Working with the following marketing JSON file
{
"request_id": "xx",
"timeseries_stats": [
{
"timeseries_stat": {
"id": "xx",
"timeseries": [
{
"start_time": "xx",
"end_time": "xx",
"stats": {
"impressions": xx,
"swipes": xx,
"view_completion": xx,
"spend": xx
}
},
{
"start_time": "xx",
"end_time": "xx",
"stats": {
"impressions": xx,
"swipes": xx,
"view_completion": xx,
"spend": xx
}
}
I can parse this using pandas very easily and obtain the desired dataframe in the format
start_time end_time impressions swipes view_completion spend
xx xx xx xx xx xx
xx xx xx xx xx xx
but need to do it in spark on AWS Glue.
After creating an initial spark dataframe (df) using
rdd = sc.parallelize(JSON_resp['timeseries_stats'][0]['timeseries_stat']['timeseries'])
df = rdd.toDF()
I tried expanding the stats key as follows
df_expanded = df.select("start_time","end_time","stats.*")
Error:
AnalysisException: 'Can only star expand struct data types.
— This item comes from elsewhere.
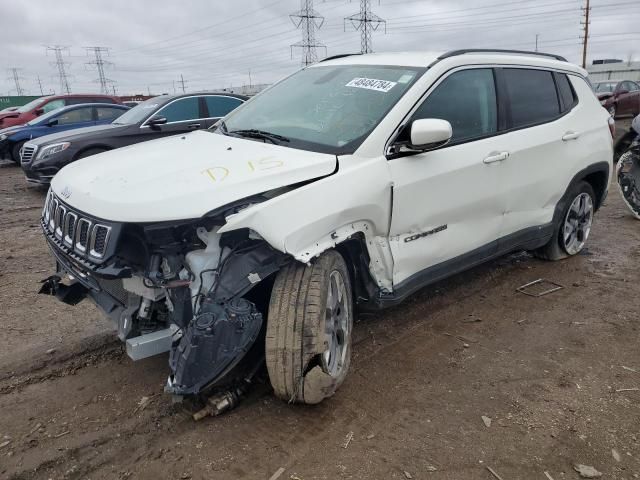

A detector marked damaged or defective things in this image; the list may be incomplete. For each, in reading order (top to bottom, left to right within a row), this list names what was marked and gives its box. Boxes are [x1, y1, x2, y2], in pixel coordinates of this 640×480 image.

Attribute: `ArrayBuffer(stats)`;'
&
from pyspark.sql.functions import explode
df_expanded = df.select("start_time","end_time").withColumn("stats", explode(df.stats))
Error:
AnalysisException: 'The number of aliases supplied in the AS clause does not match the
number of columns output by the UDTF expected 2 aliases but got stats ;
Pretty new to spark, any help would be much appreciated for either of the 2 approaches!
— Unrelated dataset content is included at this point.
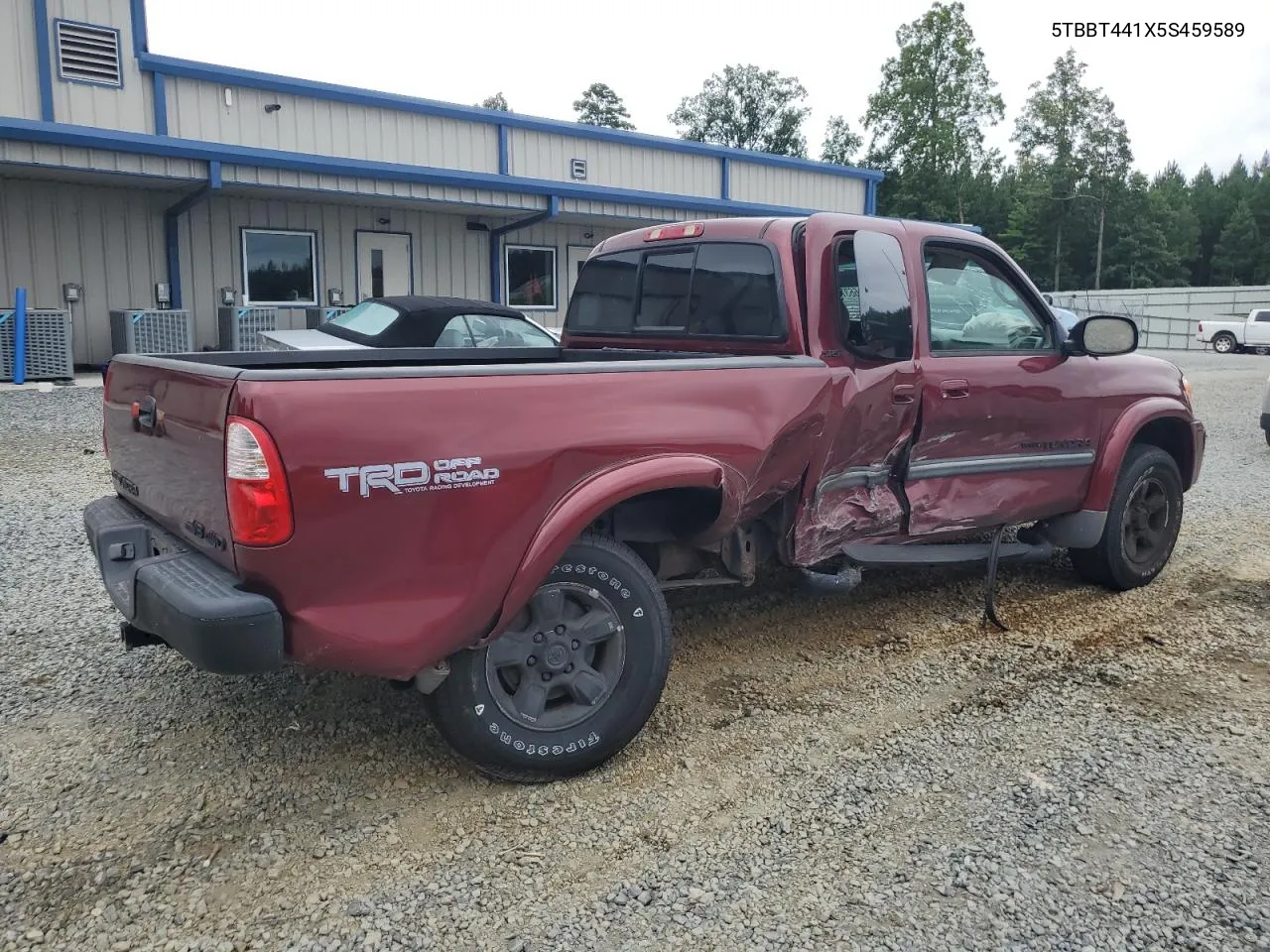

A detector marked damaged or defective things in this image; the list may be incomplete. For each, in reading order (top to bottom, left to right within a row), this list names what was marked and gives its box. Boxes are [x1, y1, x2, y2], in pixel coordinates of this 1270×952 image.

damaged red toyota tundra [91, 215, 1208, 781]
exposed wheel well [1137, 418, 1194, 492]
It's a pretty similar problem as in:
parse array of dictionaries from JSON with Spark
except I need to flatten this additional stats key.
CodePudding user response:
When you explode
a map column, it will give you two columns and so .withColumn
is not working. Use explode
with select
statement.
df.select('start_time', 'end_time', f.explode('stats')) \
.groupBy('start_time', 'end_time').pivot('key').agg(f.first('value')).show()
---------- -------- ----------- ----- ------ ---------------
|start_time|end_time|impressions|spend|swipes|view_completion|
---------- -------- ----------- ----- ------ ---------------
| yy| yy| yy| yy| yy| yy|
| xx| xx| xx| xx| xx| xx|
---------- -------- ----------- ----- ------ ---------------